RECORDS PROVIDED below:

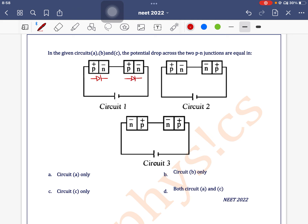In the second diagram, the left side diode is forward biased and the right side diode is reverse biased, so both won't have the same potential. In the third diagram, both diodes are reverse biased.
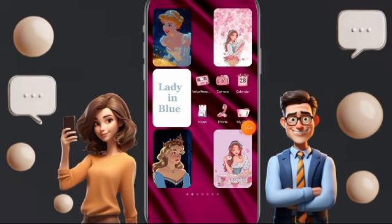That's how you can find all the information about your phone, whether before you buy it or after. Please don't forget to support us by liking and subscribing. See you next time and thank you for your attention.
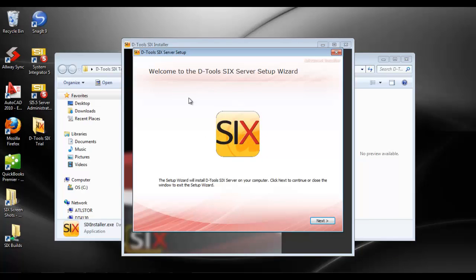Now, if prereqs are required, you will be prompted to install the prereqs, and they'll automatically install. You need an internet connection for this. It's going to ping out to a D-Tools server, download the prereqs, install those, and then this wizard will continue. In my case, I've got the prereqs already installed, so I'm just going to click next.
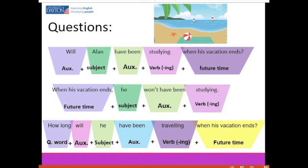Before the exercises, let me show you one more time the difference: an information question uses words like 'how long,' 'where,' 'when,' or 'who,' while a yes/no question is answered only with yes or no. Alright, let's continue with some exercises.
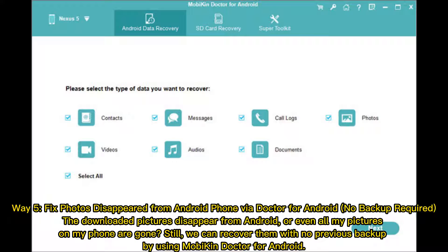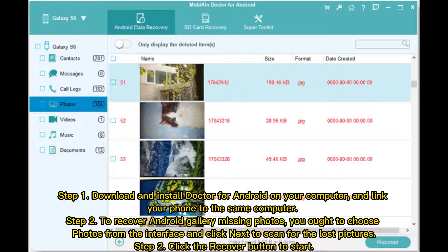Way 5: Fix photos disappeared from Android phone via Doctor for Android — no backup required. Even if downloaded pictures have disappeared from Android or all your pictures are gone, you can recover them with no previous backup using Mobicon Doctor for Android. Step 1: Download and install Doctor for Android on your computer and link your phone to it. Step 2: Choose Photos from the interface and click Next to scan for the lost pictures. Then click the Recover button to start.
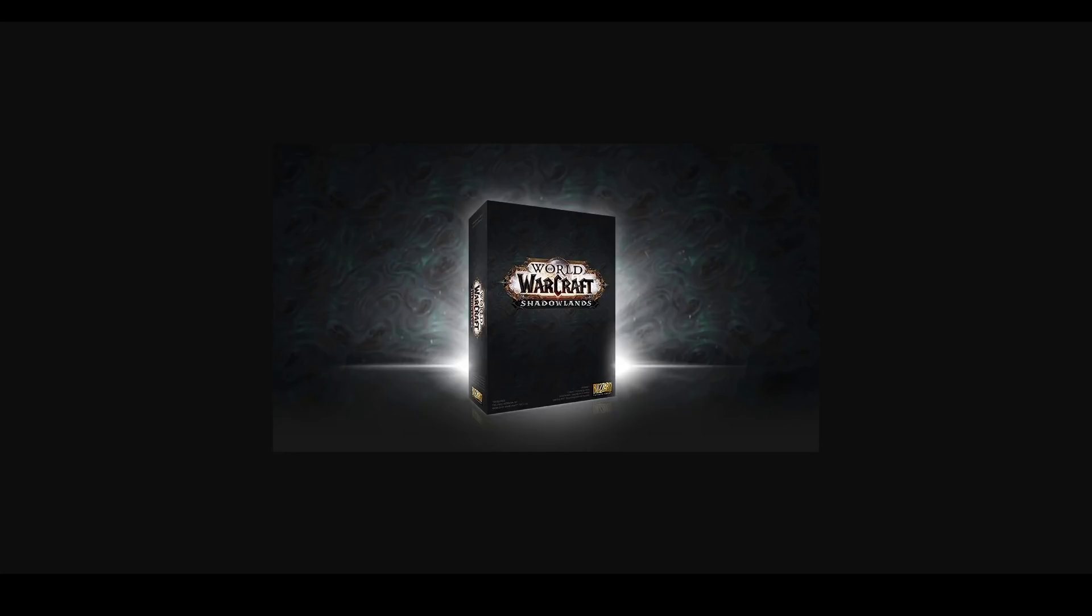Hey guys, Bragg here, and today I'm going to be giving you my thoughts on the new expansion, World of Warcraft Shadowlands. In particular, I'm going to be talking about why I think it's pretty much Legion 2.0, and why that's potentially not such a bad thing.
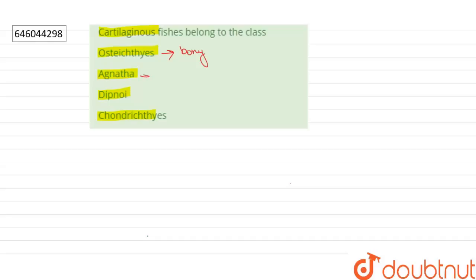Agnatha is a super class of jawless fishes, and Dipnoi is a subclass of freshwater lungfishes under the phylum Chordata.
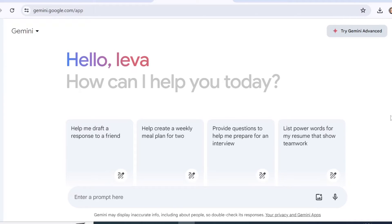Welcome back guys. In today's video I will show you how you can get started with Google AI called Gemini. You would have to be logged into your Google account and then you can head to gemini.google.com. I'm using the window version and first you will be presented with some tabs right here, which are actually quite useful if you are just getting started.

End of RECORDS PROVIDED.

WHAT YOU HAVE TO DO:
Return word for word the lines from the beginning of the entries through the line that contains "That's how you", both ends included, but no pictures.

EXERCISE ANSWER:
In the second diagram, the left side diode is forward biased and the right side diode is reverse biased, so both won't have the same potential. In the third diagram, both diodes are reverse biased.
That's how you can find all the information about your phone, whether before you buy it or after. Please don't forget to support us by liking and subscribing. See you next time and thank you for your attention.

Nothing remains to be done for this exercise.